Not only is the current Ukrainian government not the post-Maidan government,

I didn't think it's unconventional to assign continuous identity to governments based on consensual transition between key personnel.

post-Maidan government did not seize the country in a revolution in the sense of words where revolutions are militarily factions seizing countries.

That also seems like a tortured qualification of the definition, which the first dictionary entry I can find simply gives as "an overthrow or repudiation and the thorough replacement of an established government or political system by the people governed." As I see it, if obstructive action leads to a transition in government that was not approved within the framework of that government's own declared principles, this is a revolution. The Ukrainians themselves also call it a revolution.

The rest of your post seems to simply be telling a story trying to illustrate how crooked Yanukovych was and how virtuous the protesters were, along with apparent attempts ("That negotiation period towards a unity government was the context of the leaked US diplomat phone call that is regularly raised as proof of a US coup") to substitute my claim with a stronger and therefore easier to refute one.
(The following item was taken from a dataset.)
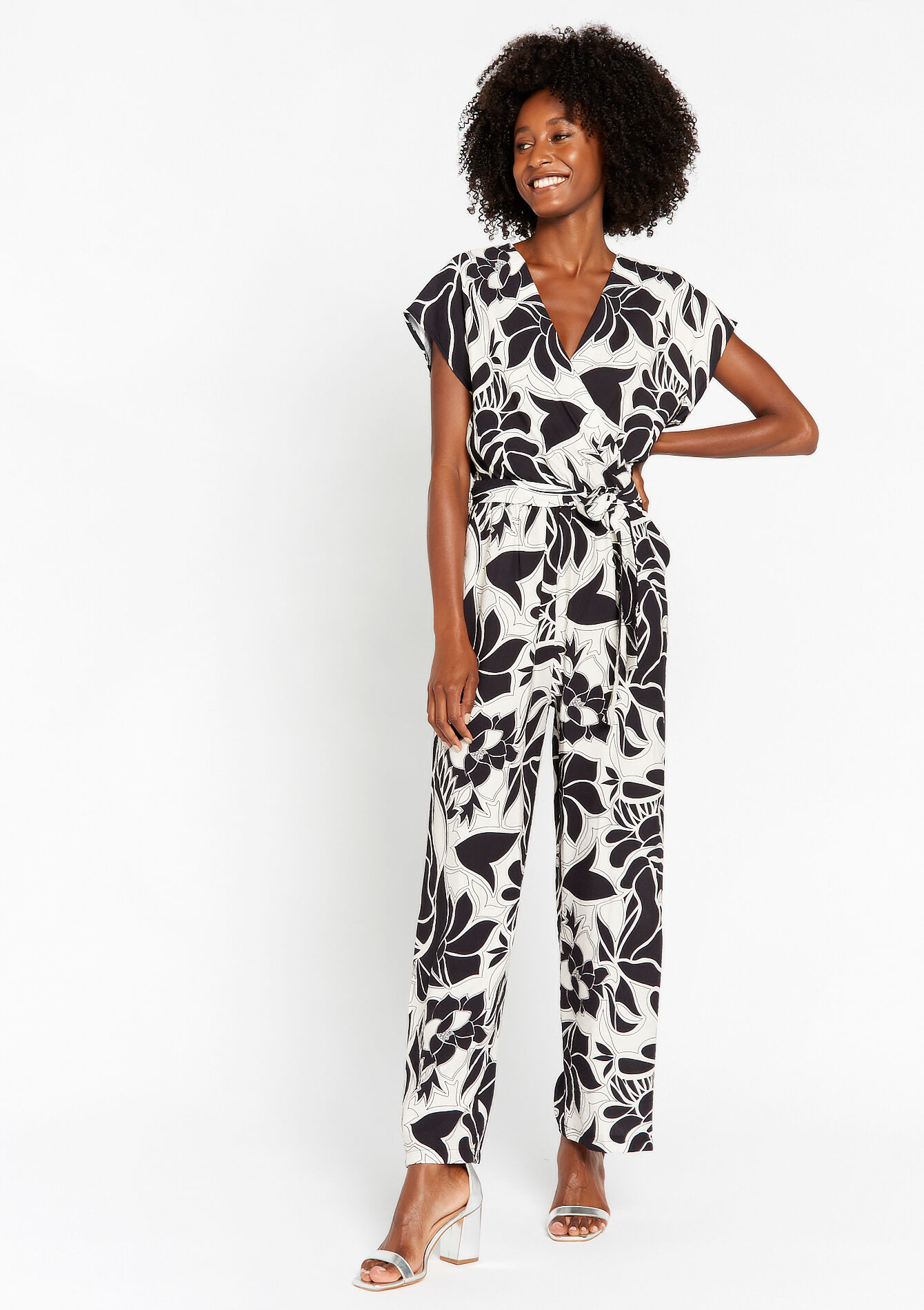 Jumpsuit with floral print - BLACK - 06004442_1119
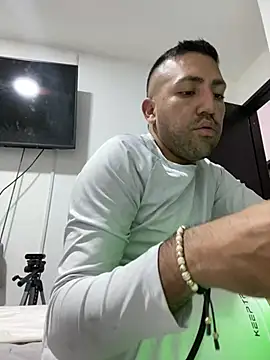 JuanZapata33's Webcam Show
Virtuousness does not make a revolution less of one, and you are not addressing the part where the government that emerged from this revolution then used military force to assert its power over a set of people who never in any meaningful way consented to being ruled over by this new government and were actively resisting it, unless you want to postulate some clause in the Ukrainian constitution that said that as an alternative to elections you can also have revolutions if enough people near the capital (and perhaps in Washington) think that the elected government is sufficiently evil.

I think the Atlantic Council as a source is only distinguished from RT by having better writers.